Last November, we shared the news that Gollancz will be publishing Aliette de Bodard’s two new books, The House of Shattered Wings and its as-yet-unnamed sequel, in the UK. Now, Roc Books (a division of Penguin) has acquired the U.S. rights to the urban fantasy duology set in Paris after the destruction wrought by the Great Magicians’ War.
The two-book deal was negotiated by John Berlyne at Zeno Agency and Roc editor Jessica Wade.
De Bodard also posted the “squee-worthy” news on her blog, expressing her excitement over her first hardcover release and working with Roc:
Among other squee-worthy things, I get to share a publisher with the fabulous Zen Cho (whose own book I’m very much looking forward to); and other people whose books I read as a child/teen (I’ll actually always associate Roc with Guy Gavriel Kay, which makes me feel… very outclassed).
…Now if you’ll excuse me, I’ll go jump up and down for joy…

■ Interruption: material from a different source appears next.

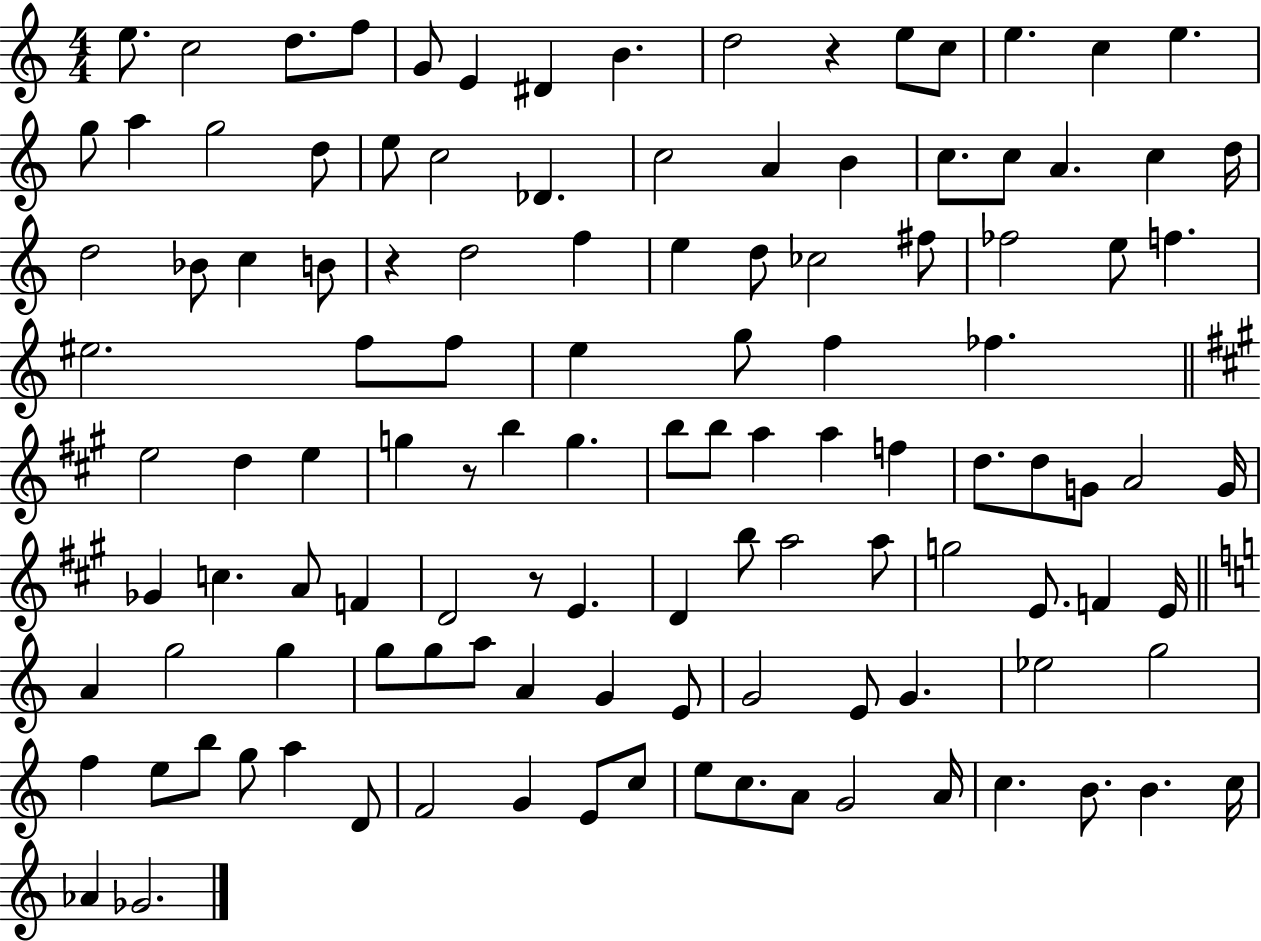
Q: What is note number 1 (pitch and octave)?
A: E5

Here’s the synopsis for The House of Shattered Wings:
A superb murder mystery, on an epic scale, set against the fall out—literally—of a war in Heaven.

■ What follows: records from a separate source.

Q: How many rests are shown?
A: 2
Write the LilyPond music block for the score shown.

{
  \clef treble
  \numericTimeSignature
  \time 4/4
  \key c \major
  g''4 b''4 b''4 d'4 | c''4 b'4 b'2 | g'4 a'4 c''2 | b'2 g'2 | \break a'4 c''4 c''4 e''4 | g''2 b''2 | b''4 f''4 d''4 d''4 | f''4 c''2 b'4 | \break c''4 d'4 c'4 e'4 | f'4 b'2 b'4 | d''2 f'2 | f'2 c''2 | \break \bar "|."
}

Paris has survived the Great Magicians War—just. Its streets are lined with haunted ruins, Notre-Dame is a burnt-out shell, and the Seine runs black with ashes and rubble. Yet life continues among the wreckage. The citizens continue to live, love, fight and survive in their war-torn city, and The Great Houses still vie for dominion over the once grand capital.
House Silverspires, previously the leader of those power games, lies in disarray. Its magic is ailing; its founder, Morningstar, has been missing for decades; and now something from the shadows stalks its people inside their very own walls.
Within the House, three very different people must come together: a naive but powerful Fallen, an alchemist with a self-destructive addiction, and a resentful young man wielding spells from the Far East. They may be Silverspires’ salvation. They may be the architects of its last, irreversible fall…
Both Roc and Gollancz will release The House of Shattered Wings on August 20, 2015, in hardcover.